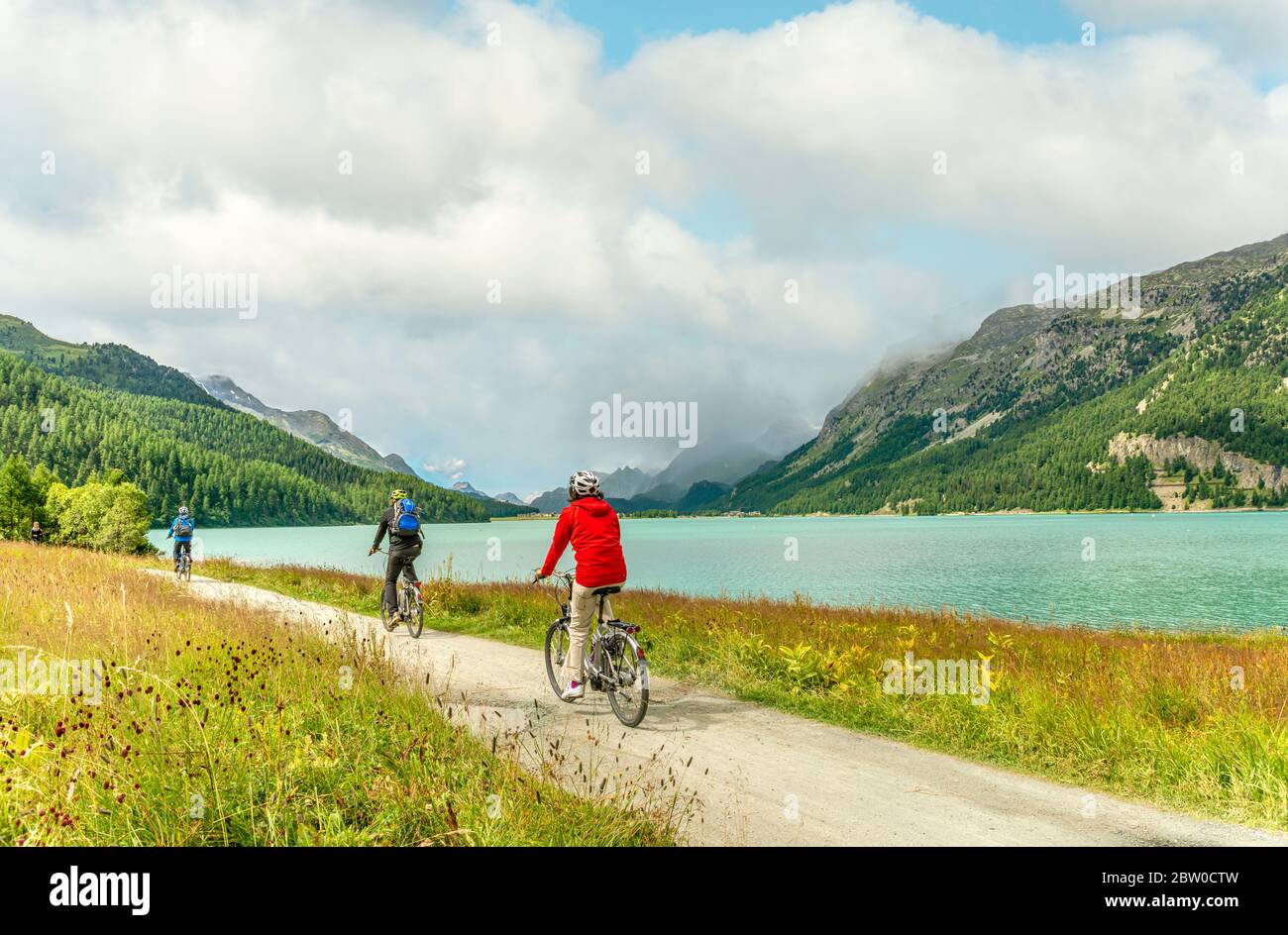 Mountain biker at Lake Silvaplana, Engadine, Switzerland Stock Photo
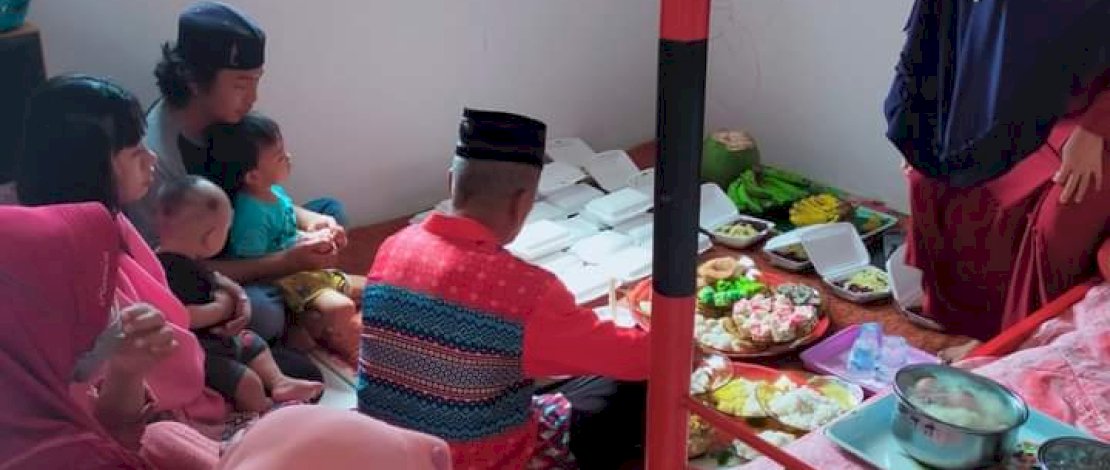Muhammad Siddiq dan Fitriani memangku anak mereka saat menjalankan tradisi syukuran masuk rumah baru di BTN Griya Hana Lestari Bantaeng. 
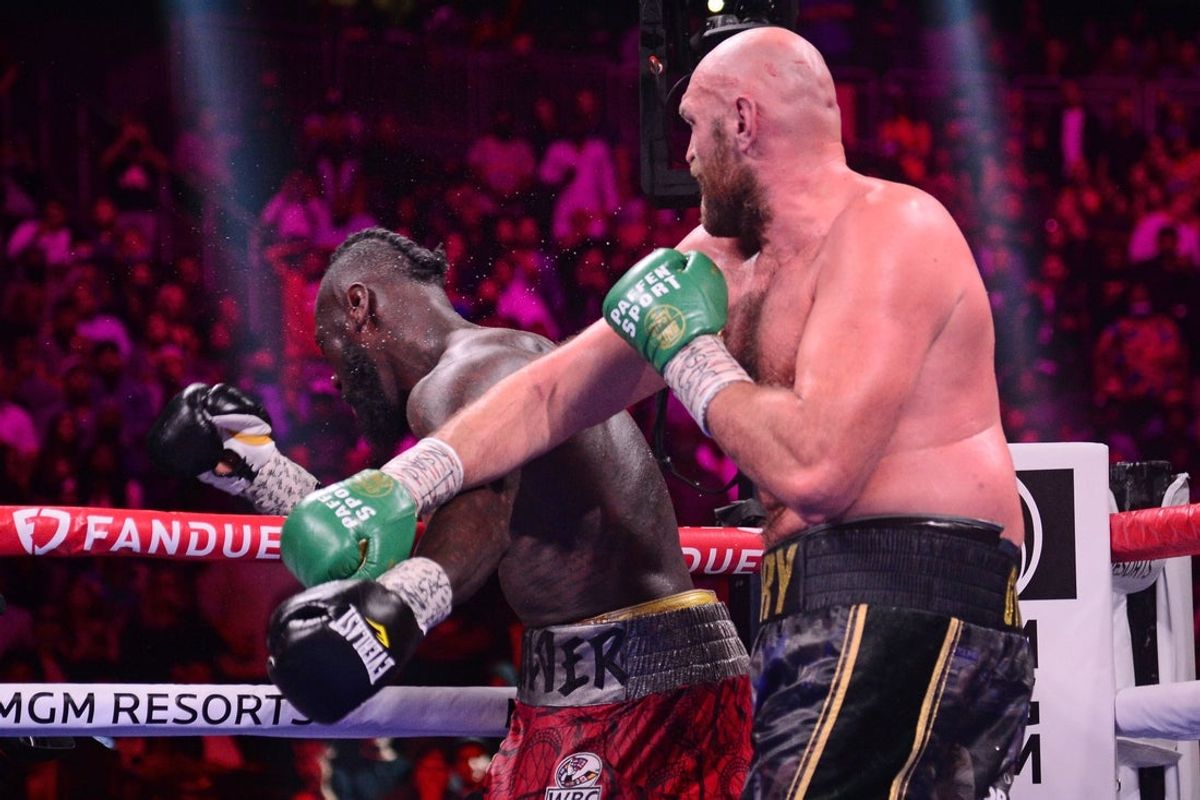 Oct 9, 2021; Las Vegas, Nevada, USA; Deontay Wilder (red/black trunks) is knocked out by Tyson Fury (black/gold trunks) during their WBC/Lineal heavyweight championship boxing match at T-Mobile Arena. Mandatory Credit: Joe Camporeale-Imagn Images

============================================================

Problem requirements
Leave the pictures out and output the rest of the data word for word.

Answer box
 Mountain biker at Lake Silvaplana, Engadine, Switzerland Stock Photo
Muhammad Siddiq dan Fitriani memangku anak mereka saat menjalankan tradisi syukuran masuk rumah baru di BTN Griya Hana Lestari Bantaeng. 
 Oct 9, 2021; Las Vegas, Nevada, USA; Deontay Wilder (red/black trunks) is knocked out by Tyson Fury (black/gold trunks) during their WBC/Lineal heavyweight championship boxing match at T-Mobile Arena. Mandatory Credit: Joe Camporeale-Imagn Images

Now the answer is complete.